▶
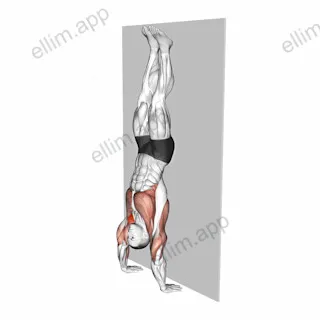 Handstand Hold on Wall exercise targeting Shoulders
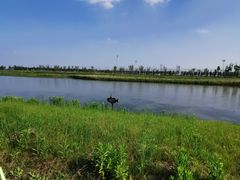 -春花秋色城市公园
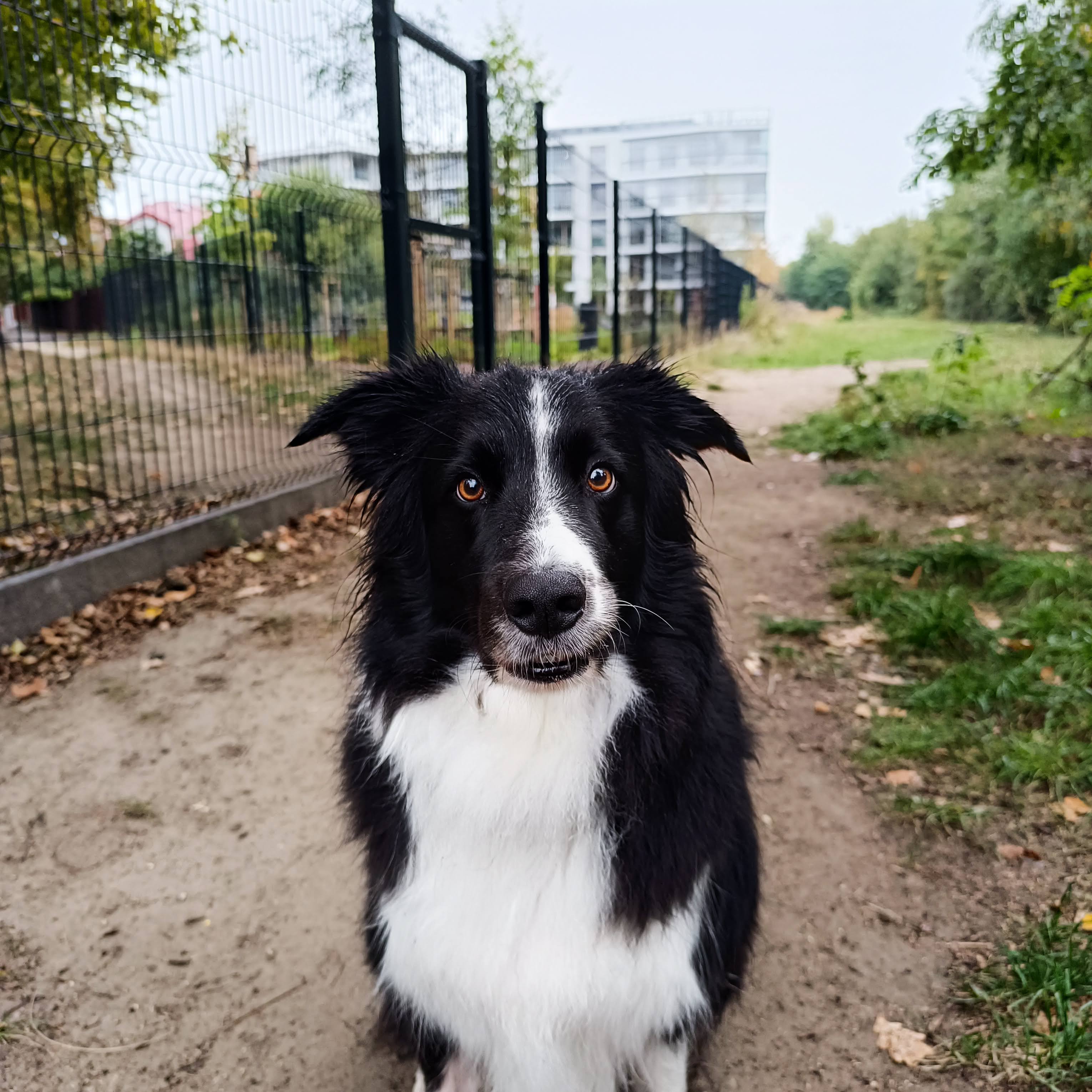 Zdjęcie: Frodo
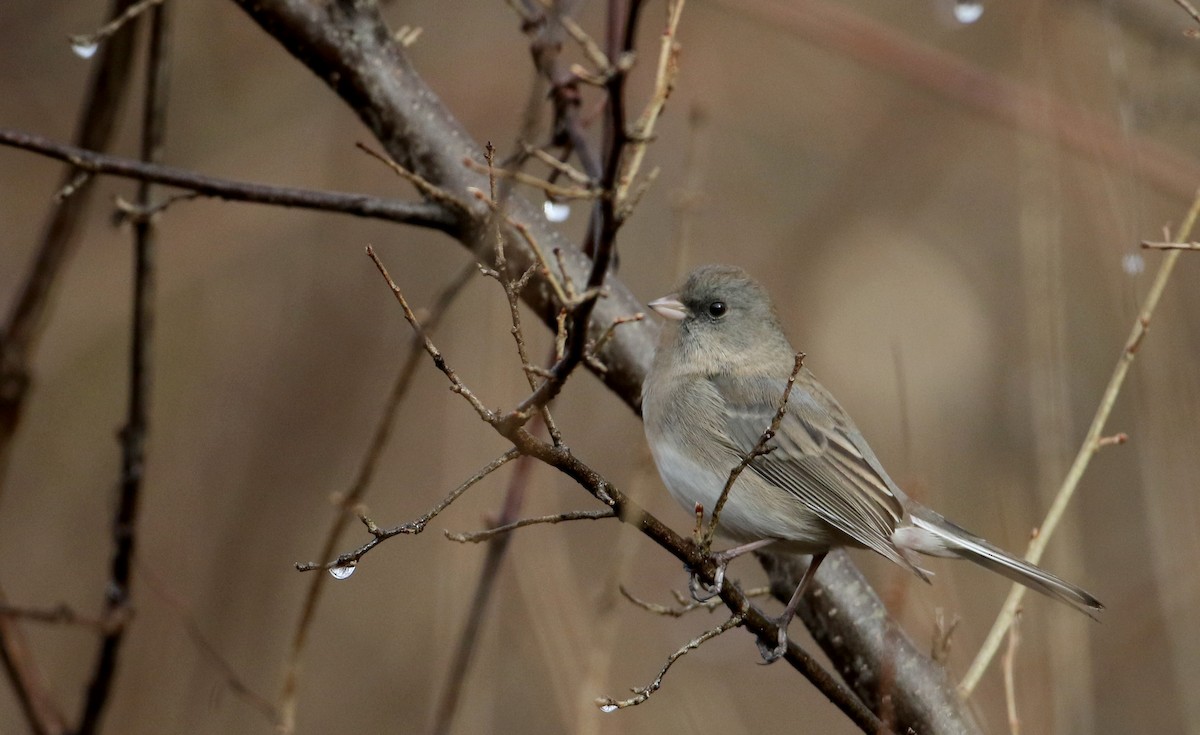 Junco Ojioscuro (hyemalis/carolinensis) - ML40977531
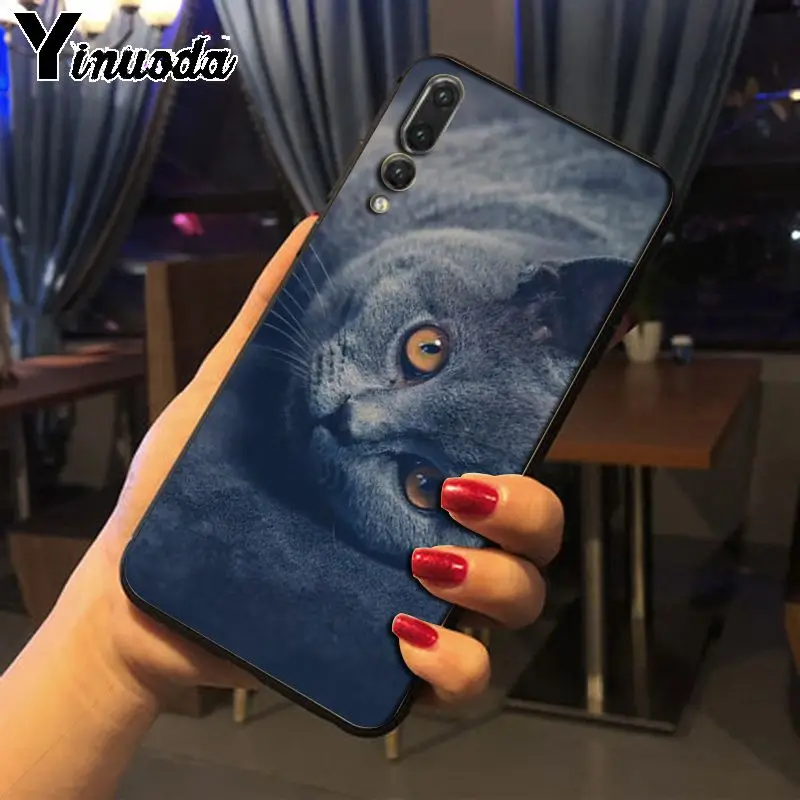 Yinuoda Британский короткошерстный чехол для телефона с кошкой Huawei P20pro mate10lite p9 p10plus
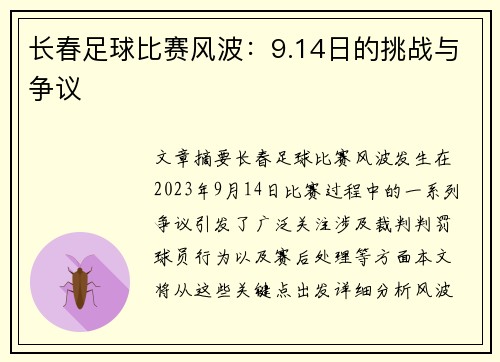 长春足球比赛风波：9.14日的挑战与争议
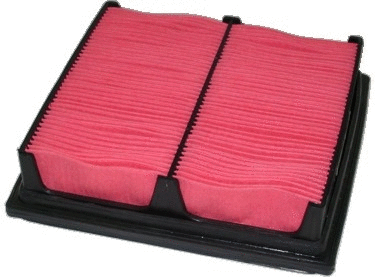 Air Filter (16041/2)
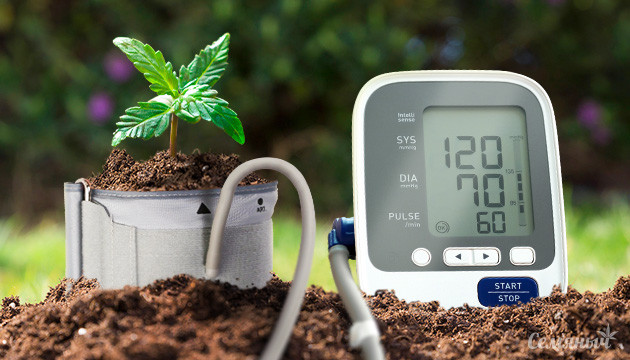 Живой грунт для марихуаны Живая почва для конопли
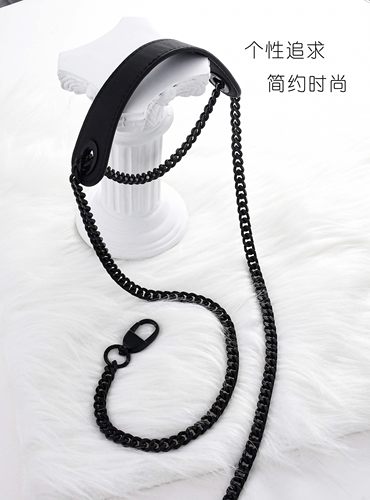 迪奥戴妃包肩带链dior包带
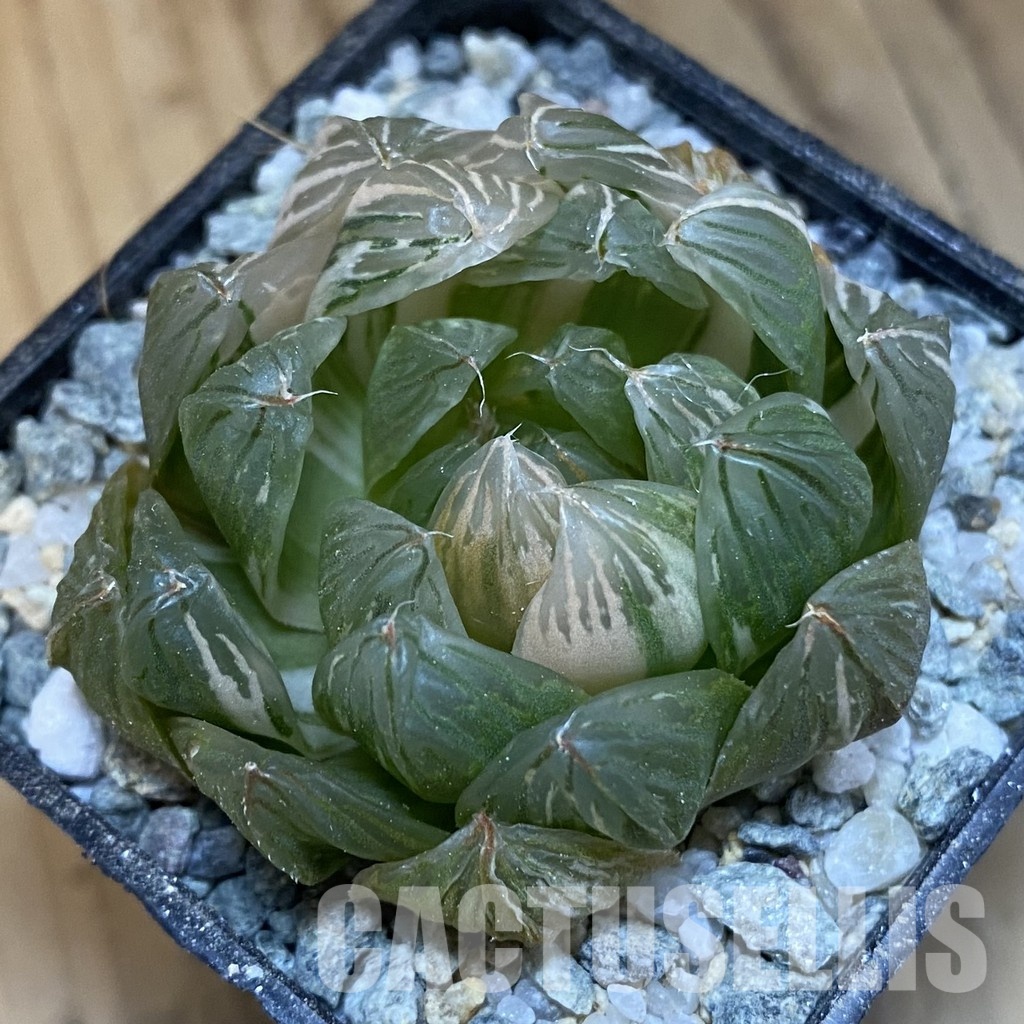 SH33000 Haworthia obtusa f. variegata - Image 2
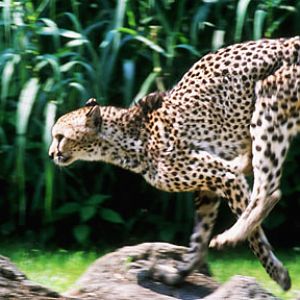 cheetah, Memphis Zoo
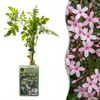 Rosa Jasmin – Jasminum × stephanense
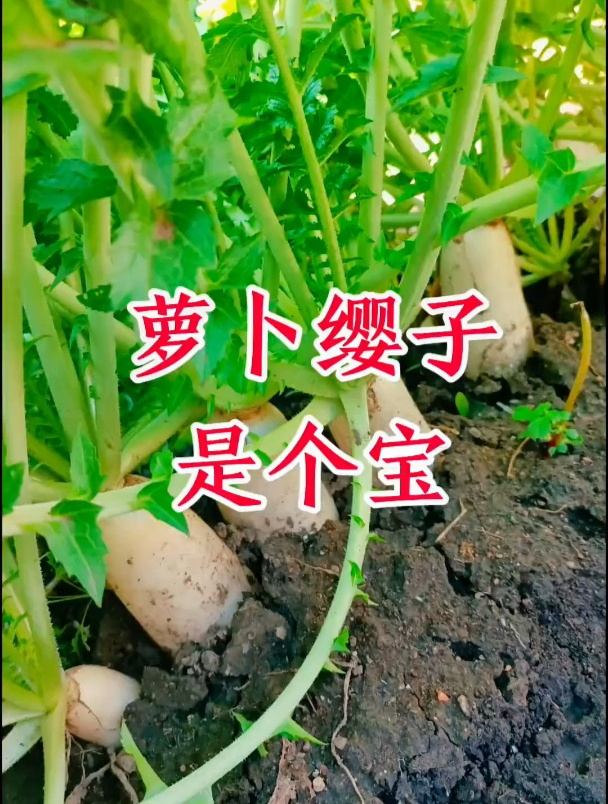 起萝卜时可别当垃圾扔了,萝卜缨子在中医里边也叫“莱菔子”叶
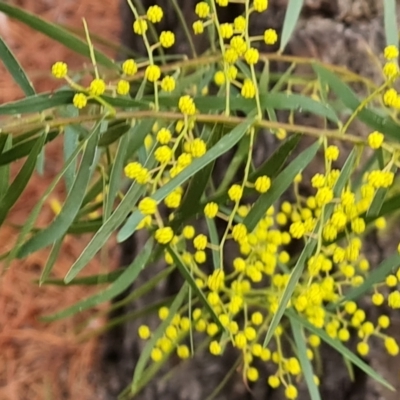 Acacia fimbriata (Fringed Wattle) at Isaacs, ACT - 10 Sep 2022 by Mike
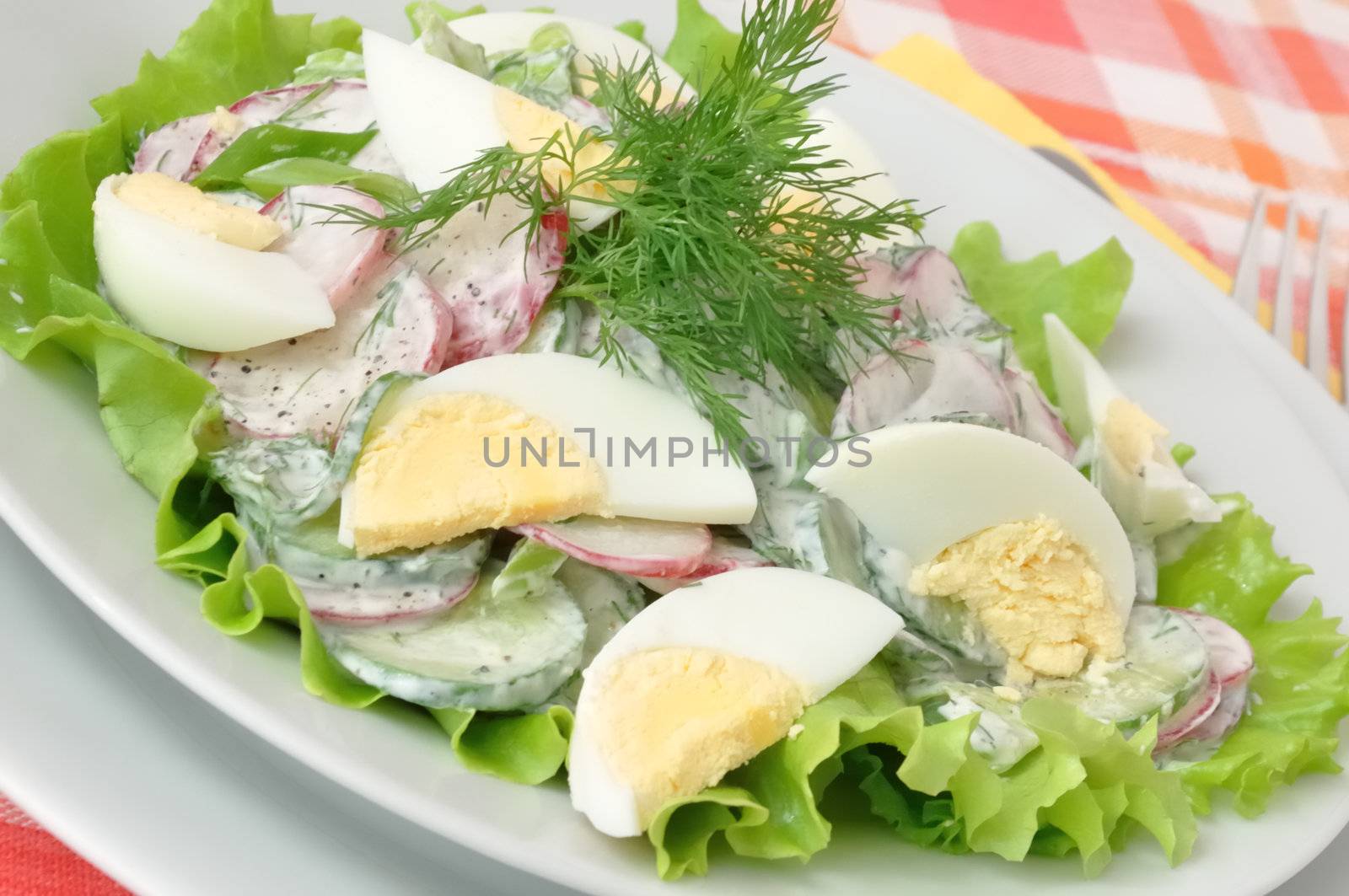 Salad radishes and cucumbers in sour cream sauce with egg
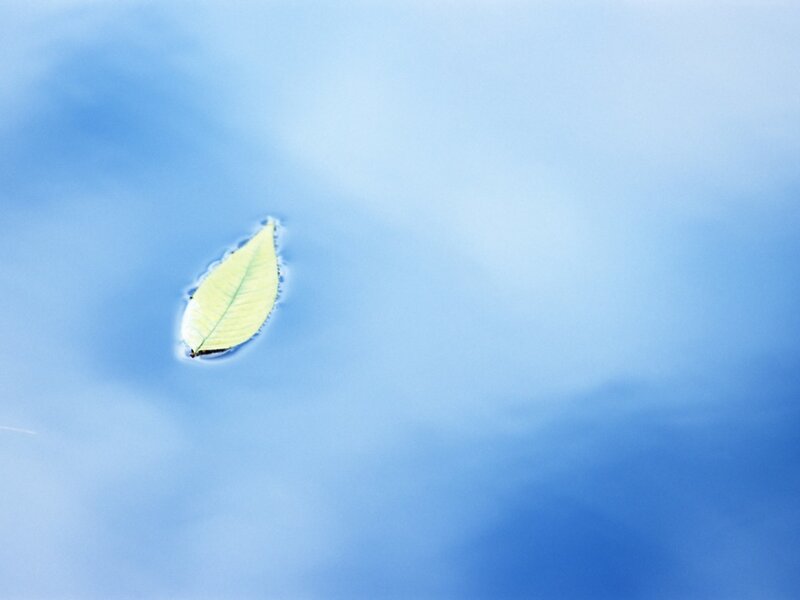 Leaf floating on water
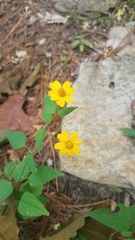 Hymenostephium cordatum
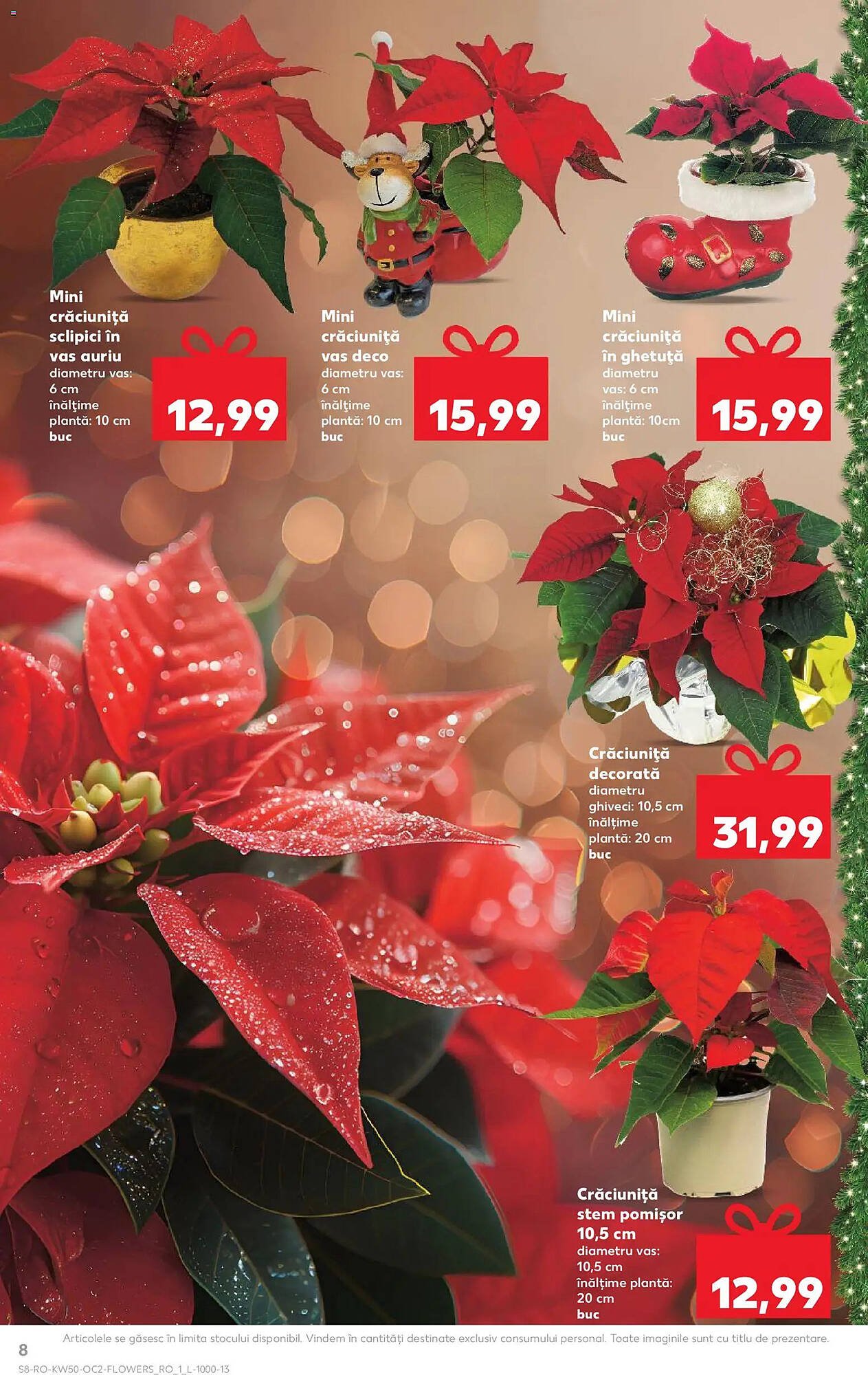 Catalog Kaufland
◀
**Task brief**
All that should appear in the response is the run of lines from the one with "Живой грунт для" through the final line of the records, restated exactly, with pictures omitted.

**Exercise response**
 Живой грунт для марихуаны Живая почва для конопли
 迪奥戴妃包肩带链dior包带
 SH33000 Haworthia obtusa f. variegata - Image 2
 cheetah, Memphis Zoo
 Rosa Jasmin – Jasminum × stephanense
 起萝卜时可别当垃圾扔了,萝卜缨子在中医里边也叫“莱菔子”叶
 Acacia fimbriata (Fringed Wattle) at Isaacs, ACT - 10 Sep 2022 by Mike
 Salad radishes and cucumbers in sour cream sauce with egg
 Leaf floating on water
 Hymenostephium cordatum
 Catalog Kaufland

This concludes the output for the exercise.